On 25/11/2014 11:41, Dewi Daniels wrote:
> I helped carry out static code analysis of the airborne software for the
> Lockheed C-130J in 1995 while I was working at Lloyd's Register. We used
> MALPAS to verify software written in Ada, C and Assembler. This is the
> project described in Andy German's CrossTalk article
> (
> Issue.pdf). I later spent 6 months at the Lockheed factory in Marietta, GA,
> helping to write the software safety case for the C-130J. Before working for
> Lloyd's Register, I'd worked for Program Validation Limited, where I helped
> to develop the SPARK Examiner. After Lloyd's Register, I went to work for
> Praxis, who had purchased Program Validation Limited and rights to the SPARK
> toolset.
> One needs to be careful in interpreting the evidence from the C-130J static
> code analysis. I seem to remember there were about 7 categories of defect,
> ranging from functional defects that affected safety of flight at one
> extreme to spelling mistakes in supporting documentation at the other
> extreme. Also, in many cases, the static code analysis was carried out
> before the software testing had been completed. The software that Andy
> German reported to have a defect rate of 4 anomalies per thousand lines of
> code was the mission computer software, which was specified using Parnas
> Tables and implemented in SPARK by Lockheed with help from Praxis. I believe
> they did program proof of the SPARK code against the Parnas Tables. I
> therefore believe the 4 anomalies per kLOC reported by Andy German is
> consistent with the < 1 post-delivery defect per KLOC reported by Praxis on
> other SPARK projects, given the anomalies reported on C-130J would have
> included spelling mistakes and other non-functional defects, and that the
> static code analysis was done in parallel with the software development.
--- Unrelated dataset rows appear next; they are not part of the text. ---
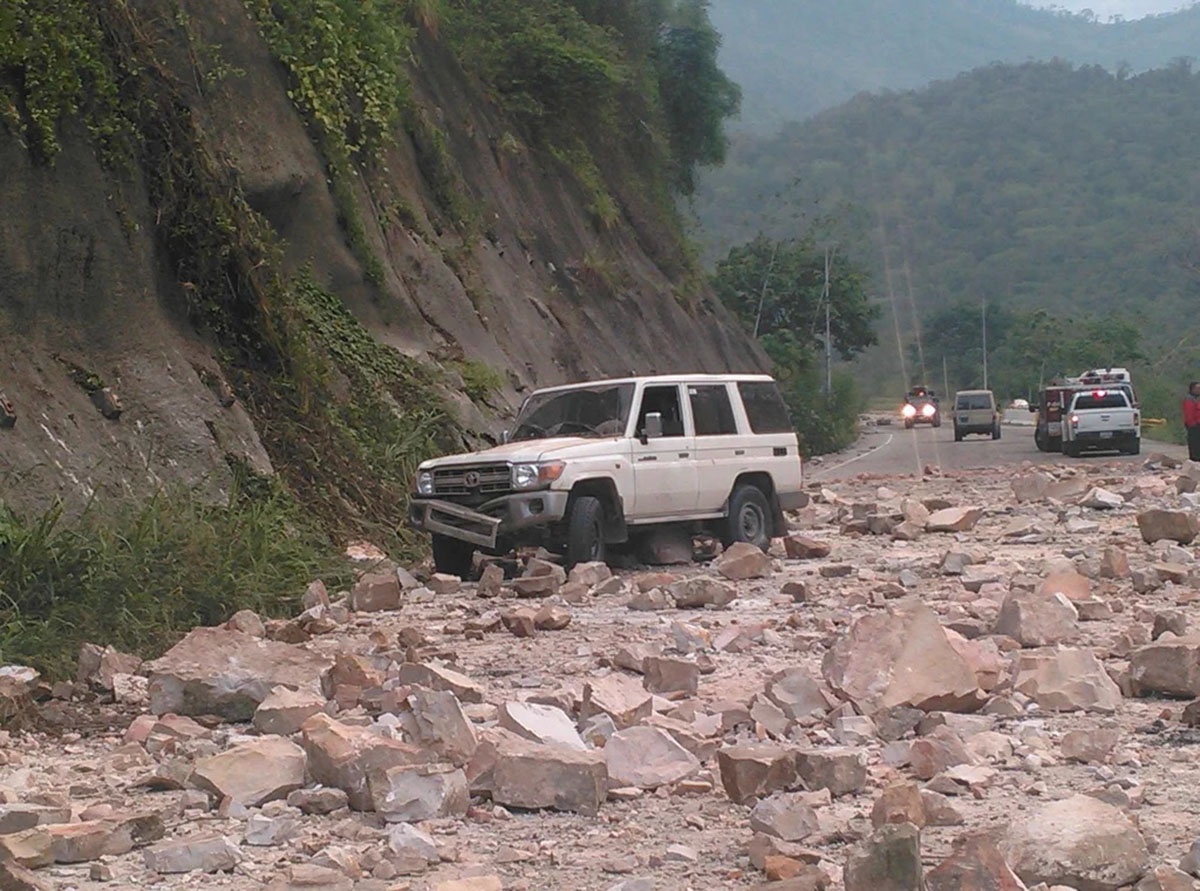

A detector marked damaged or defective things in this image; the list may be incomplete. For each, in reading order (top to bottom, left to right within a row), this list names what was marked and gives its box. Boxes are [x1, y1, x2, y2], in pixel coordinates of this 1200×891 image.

damaged vehicle [408, 372, 812, 576]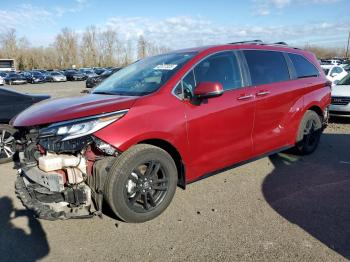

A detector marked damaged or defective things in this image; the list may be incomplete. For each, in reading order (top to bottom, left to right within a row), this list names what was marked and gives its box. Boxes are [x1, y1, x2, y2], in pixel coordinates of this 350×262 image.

broken headlight [39, 109, 129, 141]
damaged red minivan [12, 41, 330, 223]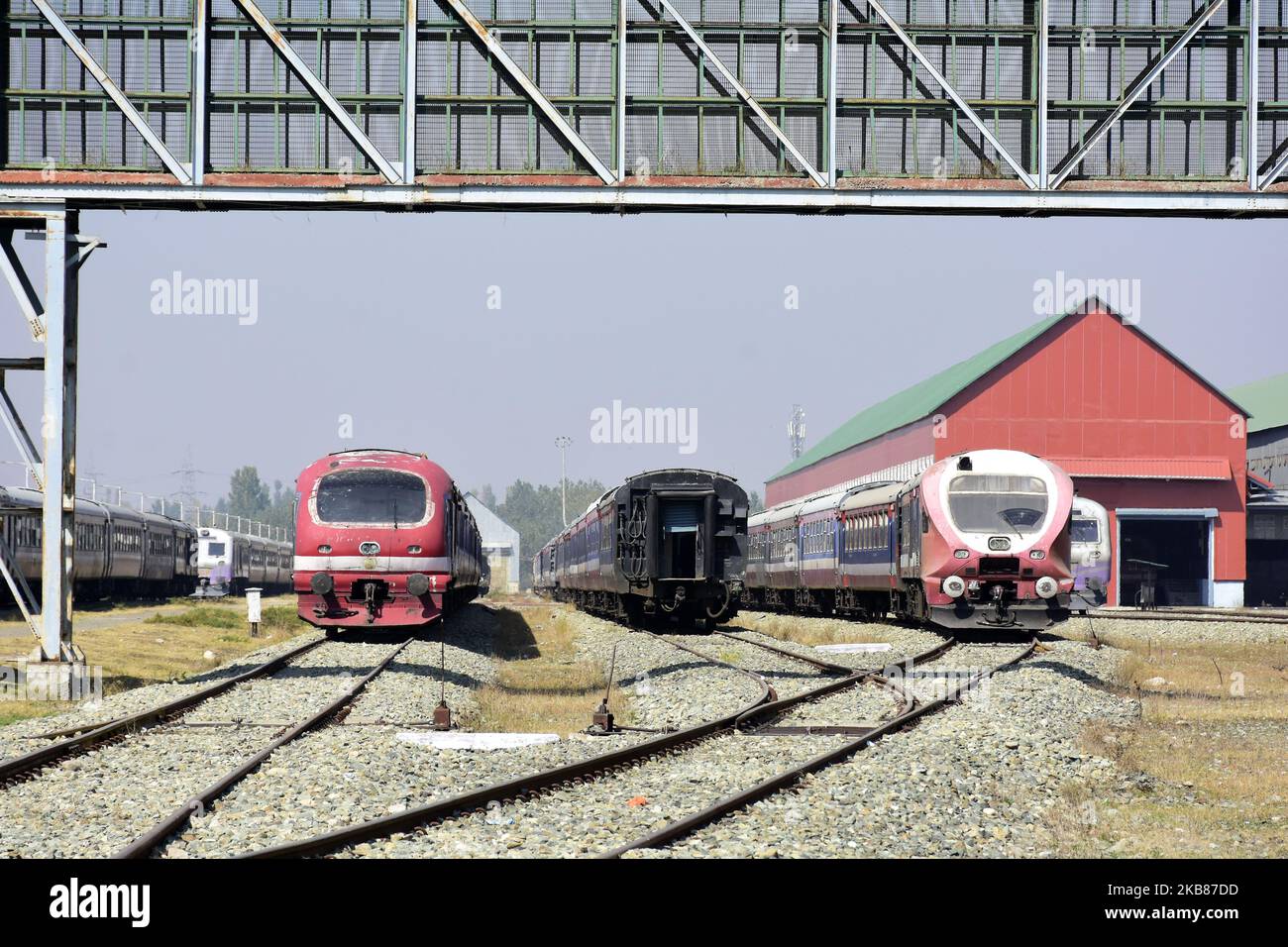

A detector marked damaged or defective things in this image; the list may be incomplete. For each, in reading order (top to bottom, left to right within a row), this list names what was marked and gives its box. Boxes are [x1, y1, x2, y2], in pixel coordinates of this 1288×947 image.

rusty rail [0, 638, 327, 785]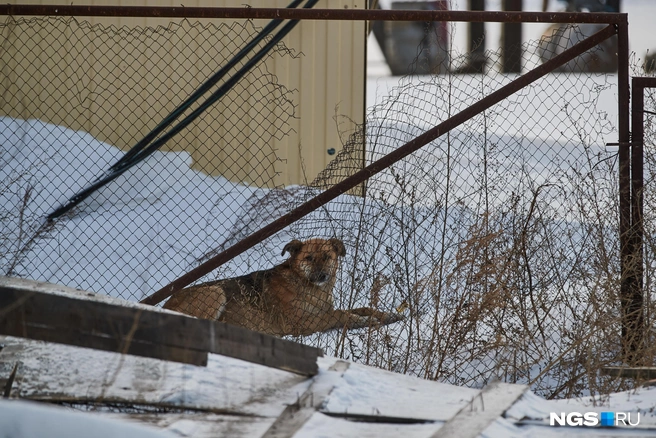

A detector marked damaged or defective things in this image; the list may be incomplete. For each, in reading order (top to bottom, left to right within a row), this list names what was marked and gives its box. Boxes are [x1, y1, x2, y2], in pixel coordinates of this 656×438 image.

rusty metal gate frame [0, 6, 636, 352]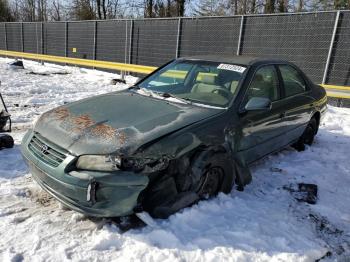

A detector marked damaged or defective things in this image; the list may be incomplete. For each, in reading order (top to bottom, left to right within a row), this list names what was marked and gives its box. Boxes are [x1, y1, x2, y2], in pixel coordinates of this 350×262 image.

crumpled hood [34, 90, 221, 156]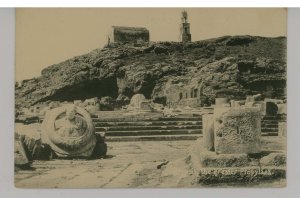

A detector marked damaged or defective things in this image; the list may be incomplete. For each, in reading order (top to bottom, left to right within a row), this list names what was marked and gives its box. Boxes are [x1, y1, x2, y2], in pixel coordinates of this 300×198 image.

broken architectural element [110, 26, 149, 44]
broken architectural element [41, 105, 96, 158]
> Incidentally, Lockheed's positive experience of developing the mission
> computer software in SPARK was documented in Jim Sutton's book, Lean
> Software Strategies
> (
> 563273055).
> When comparing defect rates, we need to be careful to define whether we mean
> just those functional defects that affect safety, all functional defects, or
> all defects including non-functional defects, and also whether we count
> defects found prior to entry into service, or only defects found after entry
> into service.
> I think what was clear from the C-130J experience was that the (only) SPARK
> program exhibited a much lower defect rate than the average Ada program,
> which exhibited a much lower defect rate than the average C program. Having
> said that, there was considerable variability between suppliers (the best C
> program had a lower defect rate than the average Ada program). As it
> happens, I helped conduct the static code analysis on the worst program (500
> anomalies per thousand lines of code according to Andy German's article).
> The code didn't match the design, and the design didn't match the
> requirements! I understand that Lockheed cancelled the contract with that
> particular supplier and sourced an alternative part from another supplier.
> Yours,
> Dewi Daniels | Managing Director | Verocel Limited
> Direct Dial +44 1225 718912 | Mobile +44 7968 837742 |
> Email ddaniels_at_xxxxxx >
> Verocel Limited is a company registered in England and Wales. Company
> number: 7407595. Registered office: Grangeside Business Support Centre, 129
> Devizes Road, Hilperton, Trowbridge, United Kingdom BA14 7SZ
> -----Original Message-----
> From: systemsafety-bounces_at_xxxxxx > [mailto:systemsafety-bounces_at_xxxxxx > Peter Bernard Ladkin
> Sent: 23 November 2014 05:19
> To: systemsafety_at_xxxxxx > Subject: Re: [SystemSafety] Autonomous Vehicles and "Hacking" Threats
> Dewi Daniels, who did much of the code inspection on this project I
> understand, is on this list.
> For an unquantified list of what was discovered see slides 16-20 of
> On 2014-11-22 23:30 , Martyn Thomas wrote:
>> I think that his numbers are just the discovered anomalies.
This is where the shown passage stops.